China’s financial development can be manifested in the weakening of financial repression and the strengthening of financial deepening. The impact of financial development on FDI and the impact of FDI on financial development all present a U-shape. The eastern region has a relatively high degree of financial development and started earlier. It is in the stage of deepening financial reforms. The financial system is relatively complete, with a more mature consumer market and business environment, which is more attractive to foreign capital. The eastern region has already crossed the inflection point and is in a U-shaped rising stage. This is in line with the empirical results that financial development and FDI can promote each other in recent years in the eastern region. In the western region, the financial development is relatively low, starting late, and on the left side of the U-shape. The economic development in the western region is relatively backward, the scale of business operations is relatively small, and the financing needs are relatively small. The expansion of financial scale largely meets the financing needs of enterprises, thereby squeezing out the demand for FDI. There is a relatively serious phenomenon of financial restraint in the west region. The financing constraints faced by private enterprises have promoted the inflow of FDI, and the economic scale of enterprises is relatively small. FDI inflows can meet most of the needs of enterprises and squeeze the credit demand for domestic financial institutions, suppressing the expansion of financial scale. However, with the development of the western economy, new financing needs will continue to be derived and FDI inflows can no longer support most of the financing needs. The inflow of FDI reduces information asymmetry, promotes cooperation between private enterprises and financial institutions, and stimulates the expansion of the local financial industry.

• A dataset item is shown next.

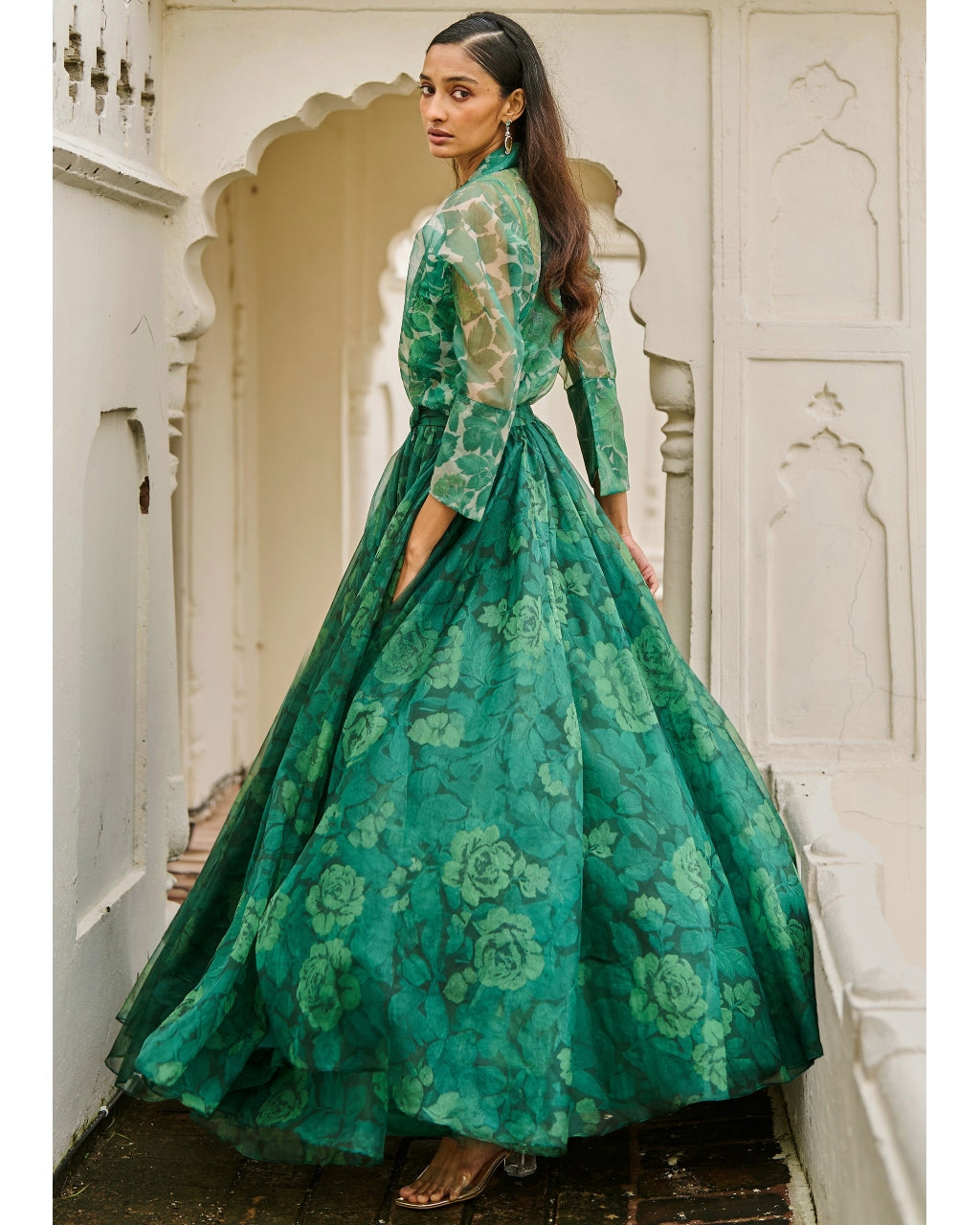 Printed Organza Maxi Skirt Set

In addition, the empirical results show that the financial development of the country and the three major regions of the east, central, and west basically have no convergence effect on FDI, and that FDI basically has no convergence effect on financial development. It shows that provinces with a higher initial value of FDI have a higher level of financial development than provinces with a lower initial value of FDI. Over time, the financial development level of provinces with a higher initial value of FDI will grow faster than that of provinces with a lower initial value of FDI, which will eventually lead to greater differences in the financial development of provinces in the region. The important challenge to promote the sustainable development of regional finance is that the level of regional financial development is uneven and the differences are obvious [15]. Therefore, in order to reduce the differences in financial development in various regions, it is necessary to implement financial policies fundamentally, optimize the external financial environment, and promote coordinated financial development. At the same time, it pays attention to the combination of qualitative and quantitative financial development, so as to promote the sustainable development of finance in the region.

7. Conclusions and Recommendations

(1) Conclusions
This study aims to understand whether the two-way time-varying relationship between financial development and FDI is suppressed, facilitated, or non-linear, and if regional differences are present. This paper used a functional data analysis method to obtain the discrete data of China’s financial development level and FDI level during the period 2007–2018 incorporated into the category of continuous dynamic function and explore the two-way time-varying relationship between the two levels. Moreover, functional β convergence was used to study the convergence and divergence of the two levels across China and in the regions.
As revealed in the research results, FDI fully promoted the financial development nationwide, boosted the financial scale expansion in Eastern China and Central China, and had a U-shape impact on the Western China. It suppressed the financial structure optimization in Central China but displayed a U-shape impact on the optimization in Eastern China and Western China. Its impacts on financial efficiency improvement in the three regions were greatly different. Specifically, FDI had a U-shape impact on Eastern China, a positive impact on Central China, and a reversed U-shape impact on Western China. FDI almost had no convergence effect except the effect on FSE in Western China during the period 2007–2012 and the effect on FSA and FIE in Eastern China during the period 2007–2015.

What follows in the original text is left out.